Building BugInsights: How We Won a 30-Team Hackathon with HDBSCAN

September 5, 20257 min read

Cisco engineers file a lot of bugs. Over years, those reports accumulate into a database that contains genuine signal — recurring failure modes, systemic architectural problems, components that keep breaking — but finding that signal manually is impossible. BugInsights was our attempt to automate it.

The Problem

Engineering managers want to know: which components keep failing? Are there classes of bugs we keep re-filing? Is there a subsystem that’s disproportionately unstable? The answers exist in the bug database, but they’re buried under inconsistent formatting, vague titles, and years of accumulated noise.

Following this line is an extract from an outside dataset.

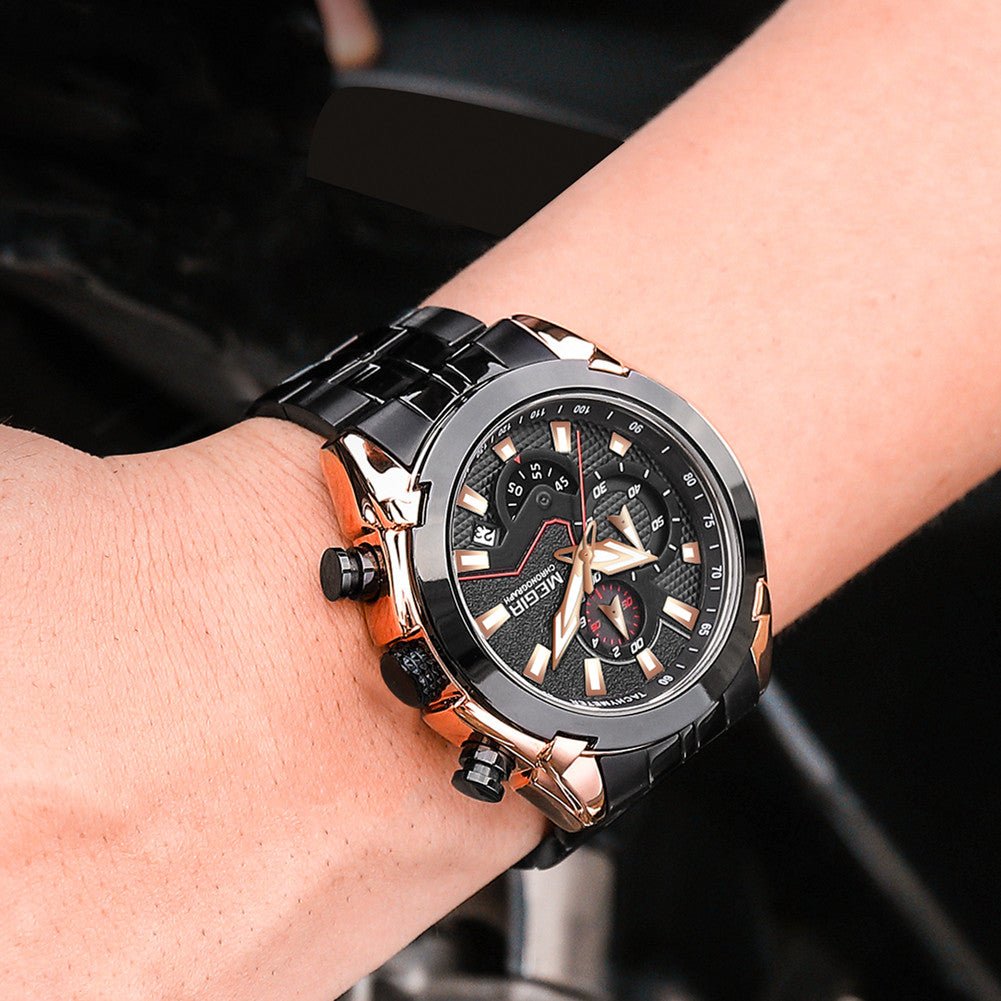 MEGIR Fashion Men Watches Luxury Business Watch for Men Stainless Steel Quartz Wrist Watch Calendar Date Clock Reloj Hombre 2065 - ElandielStyle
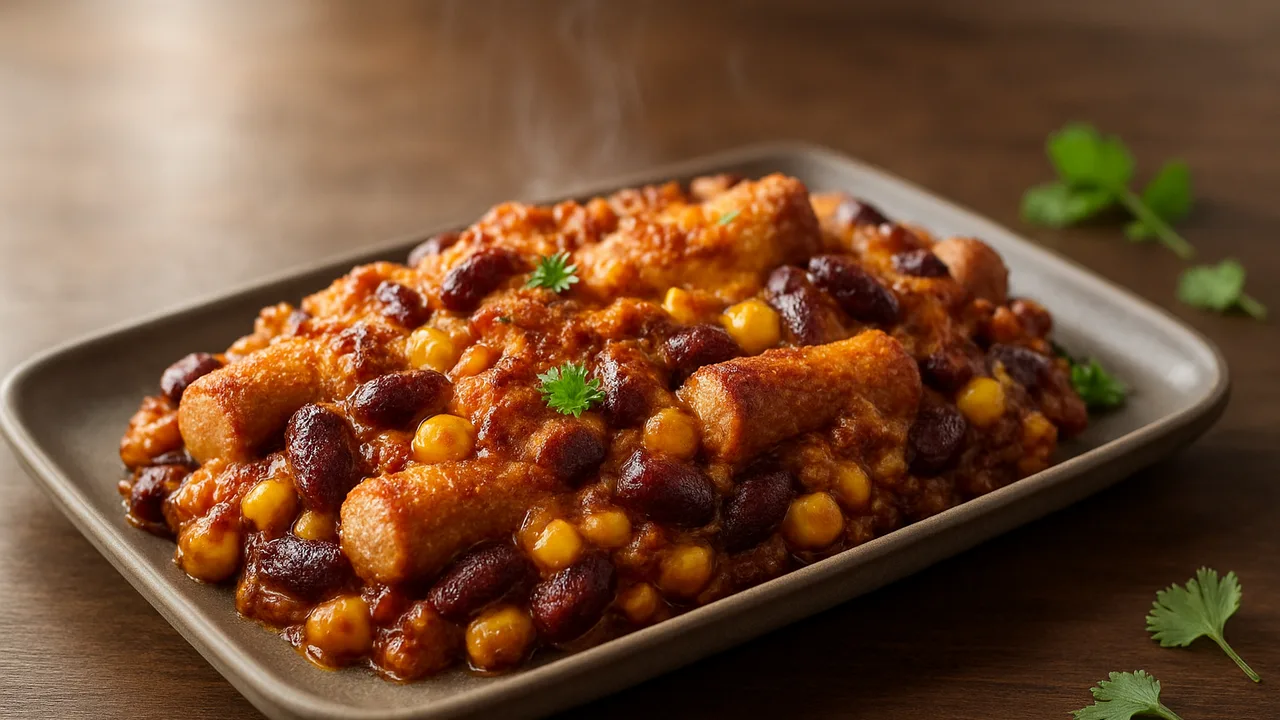 Chili-Wiener Würstchen Auflauf aus dem Airfryer mit Wiener Würstchen und Kidneybohnen, auf dunklem Walnussholz angerichtet.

Classic keyword search doesn’t work. "Interface flap" and "link going down" describe the same thing. "Memory leak in telemetry" and "TMC process OOM" might be the same bug filed twice by different engineers using different vocabulary.

The Stack

We built a pipeline:

Step 1 — Summarization. Raw bug reports are messy. We used GPT-4o to clean and summarize each report into a structured 2-3 sentence description: what failed, what component, what impact. This normalization was critical for the next step.

Step 2 — Embedding. Each summary was embedded using OpenAI’s text-embedding model and stored in ChromaDB. ChromaDB gave us fast approximate nearest-neighbor search at hackathon speed.

Step 3 — Clustering. We ran HDBSCAN (Hierarchical Density-Based Spatial Clustering of Applications with Noise) over the embedding vectors. HDBSCAN was the right choice for several reasons: it doesn’t require you to specify the number of clusters upfront, it handles noise (bugs that don’t belong to any cluster) gracefully, and it identifies clusters of varying density, which matches the real distribution of bug patterns.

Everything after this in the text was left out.